Setzt der Beschäftigte einen gefälschten Test ein (siehe Markus Anfang bei Werder Bremen), berührt dies den Vertrauensbereich des Arbeitsverhältnisses, da auch sonst nicht auf die Wahrheitsgemäßheit der Erklärungen des Beschäftigten vertraut werden kann. Hier kommt die außerordentliche Kündigung in Betracht. Dies gilt umso mehr, als dass der Beschäftigte im Zusammenhang mit seiner Erklärung das hohe Rechtsgut der Gesundheit von Kunden und Kollegen gefährdet.
Home-Office
Die schon früher bekannte Home-Office-Regelung wird durch § 28b Abs. 4 IfSG wieder in Kraft gesetzt. Nur wenn zwingende betriebliche Gründe entgegenstehen, kann von Home-Office bei Bürotätigkeiten oder vergleichbaren Tätigkeiten abgesehen werden. Betriebsabläufe müssten erheblich eingeschränkt werden oder gar nicht aufrechterhalten werden können. Die Gesetzesbegründung (BT-Drucksache 20/89, Seite 19) nennt Beispiele:
- mit einer Bürotätigkeit verbundene Nebentätigkeiten wie die Verarbeitung oder Verteilung der eingehenden Post,
- die Bearbeitung des Wareneingangs und des Warenausgangs,
- Â Schalterdienste bei weiterhin erforderlichen Kunden-und Mitarbeiterkontakten,
- Materialausgabe,
- Reparatur- und Wartungsaufgaben – zu denken ist insbesondere an IT – ,
- Hausmeisterdienste (die vielleicht aber gar keine Bürotätigkeiten sind und deshalb schon tatbestandlich von der Home-Office-Pflicht ausgenommen werden können) und
- Notdienste.
Sind die notwendigen Techniken für das Home-Office noch nicht vorhanden, kann das nur vorübergehend die Home-Office Pflicht suspendieren. Ohnehin dürften nun Ende 2021 erhöhte Anforderungen an die Darlegungslast zu stellen sein, warum man ein Home-Office nicht einrichten kann.

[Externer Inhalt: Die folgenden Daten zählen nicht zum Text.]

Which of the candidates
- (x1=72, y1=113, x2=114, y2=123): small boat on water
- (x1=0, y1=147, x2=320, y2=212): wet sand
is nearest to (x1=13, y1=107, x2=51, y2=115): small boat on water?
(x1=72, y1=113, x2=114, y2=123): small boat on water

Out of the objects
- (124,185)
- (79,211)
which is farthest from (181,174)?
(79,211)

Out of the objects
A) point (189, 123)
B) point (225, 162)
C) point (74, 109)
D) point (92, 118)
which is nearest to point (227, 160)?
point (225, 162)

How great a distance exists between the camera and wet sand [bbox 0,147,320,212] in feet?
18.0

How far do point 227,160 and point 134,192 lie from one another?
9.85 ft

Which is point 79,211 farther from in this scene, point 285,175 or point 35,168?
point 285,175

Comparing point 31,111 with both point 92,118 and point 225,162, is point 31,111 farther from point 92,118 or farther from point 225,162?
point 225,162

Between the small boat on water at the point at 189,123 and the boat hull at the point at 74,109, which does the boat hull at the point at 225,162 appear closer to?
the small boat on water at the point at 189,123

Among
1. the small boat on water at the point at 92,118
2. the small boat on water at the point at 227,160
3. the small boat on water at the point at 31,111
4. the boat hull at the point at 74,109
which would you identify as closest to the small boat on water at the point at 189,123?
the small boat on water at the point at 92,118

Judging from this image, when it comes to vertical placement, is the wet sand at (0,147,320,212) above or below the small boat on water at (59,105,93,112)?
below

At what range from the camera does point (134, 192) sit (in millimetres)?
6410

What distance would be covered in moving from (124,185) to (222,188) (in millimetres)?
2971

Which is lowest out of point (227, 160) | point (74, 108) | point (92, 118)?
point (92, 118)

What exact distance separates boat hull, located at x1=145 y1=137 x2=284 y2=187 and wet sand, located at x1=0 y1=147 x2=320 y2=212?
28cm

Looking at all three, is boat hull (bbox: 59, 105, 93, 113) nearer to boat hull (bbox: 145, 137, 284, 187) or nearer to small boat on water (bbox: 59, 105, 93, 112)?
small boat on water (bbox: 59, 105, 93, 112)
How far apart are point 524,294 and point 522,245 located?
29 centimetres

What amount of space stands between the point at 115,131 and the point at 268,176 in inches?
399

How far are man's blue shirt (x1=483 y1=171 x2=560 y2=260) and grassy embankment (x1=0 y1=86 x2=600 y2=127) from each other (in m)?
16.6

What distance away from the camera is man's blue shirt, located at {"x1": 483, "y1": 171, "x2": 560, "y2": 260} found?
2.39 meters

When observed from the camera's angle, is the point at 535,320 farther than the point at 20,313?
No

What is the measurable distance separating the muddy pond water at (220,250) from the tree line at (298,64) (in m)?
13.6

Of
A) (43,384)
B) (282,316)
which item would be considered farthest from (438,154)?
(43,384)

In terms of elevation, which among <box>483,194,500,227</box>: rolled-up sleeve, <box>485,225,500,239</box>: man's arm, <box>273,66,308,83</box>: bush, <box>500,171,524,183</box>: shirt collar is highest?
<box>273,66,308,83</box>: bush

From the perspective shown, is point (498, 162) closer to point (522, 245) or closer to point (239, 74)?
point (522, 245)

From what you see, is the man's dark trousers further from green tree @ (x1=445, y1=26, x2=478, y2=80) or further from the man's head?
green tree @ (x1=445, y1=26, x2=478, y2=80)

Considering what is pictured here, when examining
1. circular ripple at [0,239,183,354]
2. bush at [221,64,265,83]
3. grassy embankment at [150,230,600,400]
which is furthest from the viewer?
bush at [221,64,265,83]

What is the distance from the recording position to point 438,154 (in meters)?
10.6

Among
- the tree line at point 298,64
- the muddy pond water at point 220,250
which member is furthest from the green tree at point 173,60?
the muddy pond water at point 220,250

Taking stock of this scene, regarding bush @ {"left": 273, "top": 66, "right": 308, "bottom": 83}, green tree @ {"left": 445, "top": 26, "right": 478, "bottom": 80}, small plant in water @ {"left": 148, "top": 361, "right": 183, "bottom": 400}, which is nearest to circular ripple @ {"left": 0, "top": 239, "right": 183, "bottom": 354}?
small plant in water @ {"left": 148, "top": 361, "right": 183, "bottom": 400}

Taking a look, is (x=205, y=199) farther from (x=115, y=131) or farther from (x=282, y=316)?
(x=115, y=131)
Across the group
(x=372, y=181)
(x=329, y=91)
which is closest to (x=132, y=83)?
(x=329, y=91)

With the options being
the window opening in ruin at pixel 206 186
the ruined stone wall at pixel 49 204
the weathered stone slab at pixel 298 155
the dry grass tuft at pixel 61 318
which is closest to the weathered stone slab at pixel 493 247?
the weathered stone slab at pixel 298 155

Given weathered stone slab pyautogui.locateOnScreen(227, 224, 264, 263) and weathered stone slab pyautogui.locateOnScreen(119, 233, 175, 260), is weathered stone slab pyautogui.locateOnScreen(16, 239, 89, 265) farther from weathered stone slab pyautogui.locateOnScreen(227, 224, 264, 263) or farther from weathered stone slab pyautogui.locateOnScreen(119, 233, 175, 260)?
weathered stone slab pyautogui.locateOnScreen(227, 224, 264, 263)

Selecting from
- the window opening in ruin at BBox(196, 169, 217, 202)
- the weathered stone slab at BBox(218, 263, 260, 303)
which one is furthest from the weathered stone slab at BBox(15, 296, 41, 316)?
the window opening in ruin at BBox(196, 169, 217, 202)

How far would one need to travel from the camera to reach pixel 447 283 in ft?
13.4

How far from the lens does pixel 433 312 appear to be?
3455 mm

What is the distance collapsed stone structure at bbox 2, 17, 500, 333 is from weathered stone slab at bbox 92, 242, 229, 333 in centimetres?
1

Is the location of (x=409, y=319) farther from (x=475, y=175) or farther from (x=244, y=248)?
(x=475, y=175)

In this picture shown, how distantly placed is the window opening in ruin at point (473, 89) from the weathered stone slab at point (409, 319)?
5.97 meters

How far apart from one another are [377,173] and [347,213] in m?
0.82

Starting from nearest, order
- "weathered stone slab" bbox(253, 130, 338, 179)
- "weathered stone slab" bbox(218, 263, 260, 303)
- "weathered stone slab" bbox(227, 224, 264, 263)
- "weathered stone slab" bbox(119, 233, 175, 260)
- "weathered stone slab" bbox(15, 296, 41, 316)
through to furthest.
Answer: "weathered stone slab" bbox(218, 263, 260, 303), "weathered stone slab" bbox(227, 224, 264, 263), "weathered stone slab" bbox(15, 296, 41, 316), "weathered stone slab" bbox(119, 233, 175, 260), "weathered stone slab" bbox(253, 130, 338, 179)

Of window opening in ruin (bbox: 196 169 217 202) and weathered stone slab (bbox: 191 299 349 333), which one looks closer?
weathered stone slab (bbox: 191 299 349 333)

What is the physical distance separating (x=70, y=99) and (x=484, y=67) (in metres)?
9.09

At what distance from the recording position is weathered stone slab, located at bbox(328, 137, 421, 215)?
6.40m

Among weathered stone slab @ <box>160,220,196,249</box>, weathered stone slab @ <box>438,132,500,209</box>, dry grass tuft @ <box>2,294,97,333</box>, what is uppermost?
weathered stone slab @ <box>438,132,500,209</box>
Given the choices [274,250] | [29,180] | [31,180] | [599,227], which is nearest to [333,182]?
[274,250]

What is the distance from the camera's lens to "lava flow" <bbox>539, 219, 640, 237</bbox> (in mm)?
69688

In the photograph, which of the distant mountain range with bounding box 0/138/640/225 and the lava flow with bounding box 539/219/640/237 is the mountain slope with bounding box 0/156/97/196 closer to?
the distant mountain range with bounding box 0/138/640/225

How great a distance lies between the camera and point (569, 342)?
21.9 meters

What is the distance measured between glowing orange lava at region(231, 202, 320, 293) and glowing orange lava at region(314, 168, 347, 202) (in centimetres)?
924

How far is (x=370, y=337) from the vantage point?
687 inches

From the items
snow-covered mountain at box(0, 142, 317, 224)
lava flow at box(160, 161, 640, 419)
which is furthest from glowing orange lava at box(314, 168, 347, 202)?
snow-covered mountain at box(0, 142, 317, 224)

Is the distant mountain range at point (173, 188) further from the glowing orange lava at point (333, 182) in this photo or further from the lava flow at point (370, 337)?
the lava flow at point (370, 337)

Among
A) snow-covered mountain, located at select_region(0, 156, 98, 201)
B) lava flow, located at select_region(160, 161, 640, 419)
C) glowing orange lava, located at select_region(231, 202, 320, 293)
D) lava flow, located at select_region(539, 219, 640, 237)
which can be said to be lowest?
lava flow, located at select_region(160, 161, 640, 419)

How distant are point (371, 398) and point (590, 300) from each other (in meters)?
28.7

Beschäftigte können das Home-Office Angebot mit „Gründen, die dem entgegenstehen“ ablehnen. Solche Gründe müssen – wie schon im Frühsommer 2021 – nicht weiter substantiiert werden. Zum Umfang der (Nicht-)Begründungspflicht möchte ich auf den Blog meines Kollegen Freh vom 21.4.2021 verweisen. Da ist alles vom DGB Chef gesagt.